*** MATERIALS PROVIDED
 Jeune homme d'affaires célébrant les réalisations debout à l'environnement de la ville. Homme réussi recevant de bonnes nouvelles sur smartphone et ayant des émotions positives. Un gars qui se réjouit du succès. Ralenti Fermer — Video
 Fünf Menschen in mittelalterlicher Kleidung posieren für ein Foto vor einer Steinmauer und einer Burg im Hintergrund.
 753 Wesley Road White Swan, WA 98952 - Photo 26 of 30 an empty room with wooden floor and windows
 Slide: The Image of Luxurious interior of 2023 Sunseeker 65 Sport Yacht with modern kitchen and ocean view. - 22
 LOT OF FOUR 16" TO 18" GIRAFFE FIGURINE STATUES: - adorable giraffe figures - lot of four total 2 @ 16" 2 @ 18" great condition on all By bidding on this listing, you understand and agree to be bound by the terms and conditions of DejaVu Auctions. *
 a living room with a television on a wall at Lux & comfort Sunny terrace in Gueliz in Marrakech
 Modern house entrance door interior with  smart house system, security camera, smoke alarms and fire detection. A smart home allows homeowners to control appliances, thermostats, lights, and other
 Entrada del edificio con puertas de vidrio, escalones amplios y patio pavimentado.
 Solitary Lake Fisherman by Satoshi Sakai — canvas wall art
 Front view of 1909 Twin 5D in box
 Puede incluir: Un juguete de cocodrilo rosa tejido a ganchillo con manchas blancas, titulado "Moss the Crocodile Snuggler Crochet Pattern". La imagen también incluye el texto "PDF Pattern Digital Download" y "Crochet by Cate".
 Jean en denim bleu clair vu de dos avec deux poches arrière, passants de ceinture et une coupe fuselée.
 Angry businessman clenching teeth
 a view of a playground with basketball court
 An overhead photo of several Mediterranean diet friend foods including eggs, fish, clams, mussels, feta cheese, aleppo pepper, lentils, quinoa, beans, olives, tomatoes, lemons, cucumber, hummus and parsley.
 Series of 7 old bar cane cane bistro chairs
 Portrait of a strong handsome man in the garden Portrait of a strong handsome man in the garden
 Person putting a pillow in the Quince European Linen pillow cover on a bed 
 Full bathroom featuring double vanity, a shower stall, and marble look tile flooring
******
## EXERCISE
Scan the records above and show every line in which the word "wall" occurs.

## RESULT
 a living room with a television on a wall at Lux & comfort Sunny terrace in Gueliz in Marrakech
 Solitary Lake Fisherman by Satoshi Sakai — canvas wall art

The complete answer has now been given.